But Mr. Navalny survived and returned to Russia the following year, knowing that Mr. Putin would probably send him to the labor camps in which so many of Russia’s greatest dissidents languished, and that he might well die in one. He has been imprisoned since 2021 and was shipped last year to a remote and notoriously brutal camp known as “Polar Wolf,” high above the Arctic Circle.

Still, he continued to speak out, through occasional visits from his lawyers or through his organization and his family. Mr. Navalny’s website has been campaigning to challenge any claims that the result of next month’s presidential election in Russia should be seen as a popular endorsement of Mr. Putin’s rule. “Let’s break his plans and make it so no one would be interested in the concocted results of March 17, but all Russia would see and understand that the will of the majority is that Putin must go away,” was the call.

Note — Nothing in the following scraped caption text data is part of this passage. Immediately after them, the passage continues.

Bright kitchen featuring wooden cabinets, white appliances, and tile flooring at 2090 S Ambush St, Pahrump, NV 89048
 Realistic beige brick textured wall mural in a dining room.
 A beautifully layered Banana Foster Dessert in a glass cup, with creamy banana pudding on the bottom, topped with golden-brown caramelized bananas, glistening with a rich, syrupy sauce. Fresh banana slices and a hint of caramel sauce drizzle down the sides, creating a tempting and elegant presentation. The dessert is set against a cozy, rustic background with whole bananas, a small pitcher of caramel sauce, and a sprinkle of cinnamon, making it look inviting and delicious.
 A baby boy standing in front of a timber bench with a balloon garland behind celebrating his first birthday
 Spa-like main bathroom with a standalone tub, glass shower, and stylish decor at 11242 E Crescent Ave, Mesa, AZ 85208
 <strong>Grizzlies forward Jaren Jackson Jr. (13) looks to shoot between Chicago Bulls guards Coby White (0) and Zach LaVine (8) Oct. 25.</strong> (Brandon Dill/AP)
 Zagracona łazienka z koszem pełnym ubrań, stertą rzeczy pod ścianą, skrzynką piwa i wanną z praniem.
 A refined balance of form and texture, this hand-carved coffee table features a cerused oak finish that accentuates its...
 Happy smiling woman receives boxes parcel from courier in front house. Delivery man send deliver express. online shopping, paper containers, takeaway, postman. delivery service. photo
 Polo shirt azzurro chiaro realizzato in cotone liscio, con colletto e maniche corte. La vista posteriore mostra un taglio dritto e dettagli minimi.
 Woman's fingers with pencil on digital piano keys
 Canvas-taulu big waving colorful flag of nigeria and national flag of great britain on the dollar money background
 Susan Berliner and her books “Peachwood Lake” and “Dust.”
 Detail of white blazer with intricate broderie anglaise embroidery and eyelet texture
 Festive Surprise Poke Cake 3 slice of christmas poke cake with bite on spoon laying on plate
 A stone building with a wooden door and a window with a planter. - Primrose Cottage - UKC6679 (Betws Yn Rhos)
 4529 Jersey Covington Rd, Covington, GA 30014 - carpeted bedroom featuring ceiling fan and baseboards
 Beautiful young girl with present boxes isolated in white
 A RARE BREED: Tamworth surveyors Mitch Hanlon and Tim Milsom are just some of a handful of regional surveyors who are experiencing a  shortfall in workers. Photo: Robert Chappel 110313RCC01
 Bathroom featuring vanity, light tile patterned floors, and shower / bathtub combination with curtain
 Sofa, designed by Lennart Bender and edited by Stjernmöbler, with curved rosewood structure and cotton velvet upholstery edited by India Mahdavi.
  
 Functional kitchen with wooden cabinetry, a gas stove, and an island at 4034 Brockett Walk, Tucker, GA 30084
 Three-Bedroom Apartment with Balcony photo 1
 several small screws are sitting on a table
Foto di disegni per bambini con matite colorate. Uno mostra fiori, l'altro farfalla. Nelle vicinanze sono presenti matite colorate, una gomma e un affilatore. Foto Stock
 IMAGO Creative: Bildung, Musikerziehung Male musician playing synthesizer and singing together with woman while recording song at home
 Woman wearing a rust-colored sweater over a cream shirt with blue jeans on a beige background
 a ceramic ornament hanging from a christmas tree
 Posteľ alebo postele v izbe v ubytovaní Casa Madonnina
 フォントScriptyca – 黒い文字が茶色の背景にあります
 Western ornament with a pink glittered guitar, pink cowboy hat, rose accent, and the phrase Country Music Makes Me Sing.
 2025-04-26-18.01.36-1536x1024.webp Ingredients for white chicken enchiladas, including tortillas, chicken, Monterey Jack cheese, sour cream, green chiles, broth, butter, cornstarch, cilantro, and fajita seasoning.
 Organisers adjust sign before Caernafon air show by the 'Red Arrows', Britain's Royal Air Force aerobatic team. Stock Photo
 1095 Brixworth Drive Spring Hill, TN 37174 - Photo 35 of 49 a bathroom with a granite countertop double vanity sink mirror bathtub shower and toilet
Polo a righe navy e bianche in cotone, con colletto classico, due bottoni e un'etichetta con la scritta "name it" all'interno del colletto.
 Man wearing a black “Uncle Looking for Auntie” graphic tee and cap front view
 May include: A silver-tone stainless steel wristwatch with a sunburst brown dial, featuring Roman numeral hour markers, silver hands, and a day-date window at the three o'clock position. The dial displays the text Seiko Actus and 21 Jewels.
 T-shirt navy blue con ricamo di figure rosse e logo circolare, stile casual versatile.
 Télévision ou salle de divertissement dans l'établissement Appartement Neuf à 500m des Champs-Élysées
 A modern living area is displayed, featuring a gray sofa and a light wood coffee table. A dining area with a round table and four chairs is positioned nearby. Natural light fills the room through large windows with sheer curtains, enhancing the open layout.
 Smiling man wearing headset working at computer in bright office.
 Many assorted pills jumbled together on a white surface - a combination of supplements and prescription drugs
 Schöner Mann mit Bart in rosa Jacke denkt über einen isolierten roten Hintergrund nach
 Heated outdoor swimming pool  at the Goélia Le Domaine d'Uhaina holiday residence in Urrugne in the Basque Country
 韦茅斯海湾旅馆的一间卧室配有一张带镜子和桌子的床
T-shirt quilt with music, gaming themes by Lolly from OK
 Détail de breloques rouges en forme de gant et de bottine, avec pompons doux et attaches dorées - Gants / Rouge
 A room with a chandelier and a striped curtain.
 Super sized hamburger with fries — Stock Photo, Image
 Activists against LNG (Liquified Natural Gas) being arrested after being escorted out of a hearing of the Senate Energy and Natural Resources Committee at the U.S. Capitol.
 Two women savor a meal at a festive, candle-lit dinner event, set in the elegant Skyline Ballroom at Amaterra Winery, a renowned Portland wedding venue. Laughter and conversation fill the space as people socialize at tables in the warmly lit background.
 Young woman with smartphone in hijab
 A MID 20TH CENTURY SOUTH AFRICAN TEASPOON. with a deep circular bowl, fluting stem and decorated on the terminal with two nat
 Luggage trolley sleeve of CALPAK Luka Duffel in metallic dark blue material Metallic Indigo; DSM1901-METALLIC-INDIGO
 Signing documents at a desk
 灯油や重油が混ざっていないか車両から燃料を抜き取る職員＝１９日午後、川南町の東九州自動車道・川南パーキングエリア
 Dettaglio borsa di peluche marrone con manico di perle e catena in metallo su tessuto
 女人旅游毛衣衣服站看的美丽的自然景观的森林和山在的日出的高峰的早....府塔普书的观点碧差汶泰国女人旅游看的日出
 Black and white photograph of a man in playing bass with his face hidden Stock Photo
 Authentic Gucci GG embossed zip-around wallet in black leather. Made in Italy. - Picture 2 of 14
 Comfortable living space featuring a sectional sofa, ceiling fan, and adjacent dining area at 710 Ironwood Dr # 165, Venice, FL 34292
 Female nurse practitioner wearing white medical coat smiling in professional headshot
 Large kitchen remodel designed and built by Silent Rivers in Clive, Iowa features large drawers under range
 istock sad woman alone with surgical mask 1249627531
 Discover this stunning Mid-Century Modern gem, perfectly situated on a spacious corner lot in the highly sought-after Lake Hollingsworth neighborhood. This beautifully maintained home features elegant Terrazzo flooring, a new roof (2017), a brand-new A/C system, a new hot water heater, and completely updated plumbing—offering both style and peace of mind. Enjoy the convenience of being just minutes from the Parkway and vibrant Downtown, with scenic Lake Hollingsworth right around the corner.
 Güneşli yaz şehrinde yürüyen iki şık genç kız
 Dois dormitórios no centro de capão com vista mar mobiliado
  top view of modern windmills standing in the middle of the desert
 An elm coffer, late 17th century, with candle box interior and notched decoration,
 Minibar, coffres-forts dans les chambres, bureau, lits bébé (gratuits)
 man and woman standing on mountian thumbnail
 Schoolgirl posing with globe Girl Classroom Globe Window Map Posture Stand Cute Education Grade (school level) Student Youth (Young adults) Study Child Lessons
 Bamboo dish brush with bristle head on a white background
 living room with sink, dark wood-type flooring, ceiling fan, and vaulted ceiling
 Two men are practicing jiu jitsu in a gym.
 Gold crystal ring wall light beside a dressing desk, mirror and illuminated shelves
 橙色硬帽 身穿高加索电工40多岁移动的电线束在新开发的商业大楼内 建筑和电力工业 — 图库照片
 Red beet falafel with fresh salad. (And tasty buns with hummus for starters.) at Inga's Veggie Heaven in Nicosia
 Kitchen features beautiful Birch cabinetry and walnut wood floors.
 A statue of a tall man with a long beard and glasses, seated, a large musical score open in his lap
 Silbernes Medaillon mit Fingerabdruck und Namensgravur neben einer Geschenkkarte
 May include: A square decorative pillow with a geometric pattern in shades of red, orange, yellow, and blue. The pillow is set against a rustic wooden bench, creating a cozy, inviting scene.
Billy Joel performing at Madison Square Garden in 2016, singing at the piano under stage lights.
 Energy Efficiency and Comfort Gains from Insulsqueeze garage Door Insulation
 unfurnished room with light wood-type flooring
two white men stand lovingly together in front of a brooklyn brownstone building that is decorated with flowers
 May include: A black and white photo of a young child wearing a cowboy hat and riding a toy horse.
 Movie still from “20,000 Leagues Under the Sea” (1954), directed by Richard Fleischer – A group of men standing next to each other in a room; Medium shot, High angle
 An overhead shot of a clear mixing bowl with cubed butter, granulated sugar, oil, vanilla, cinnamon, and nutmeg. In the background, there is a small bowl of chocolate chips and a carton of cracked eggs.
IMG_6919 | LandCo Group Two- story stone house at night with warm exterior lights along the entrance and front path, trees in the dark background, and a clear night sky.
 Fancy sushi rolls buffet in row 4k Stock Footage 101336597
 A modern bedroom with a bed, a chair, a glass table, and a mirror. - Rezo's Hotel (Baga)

It is too early to gauge the immediate consequences of Mr. Navalny’s death. Much of the organized opposition to Mr. Putin has been crushed through arrests or flights abroad. But the rise of a new martyr will give new force to the questions and accusations Mr. Navalny leveled, making it that much harder for Mr. Putin to sustain the myth of serving Russian greatness.

Mr. Navalny was not afraid of suffering, and chose to fight for what he believed in. “I believe in real love,” he told Mr. Akunin. “I believe that Russia will be happy and free. And I do not believe in death.”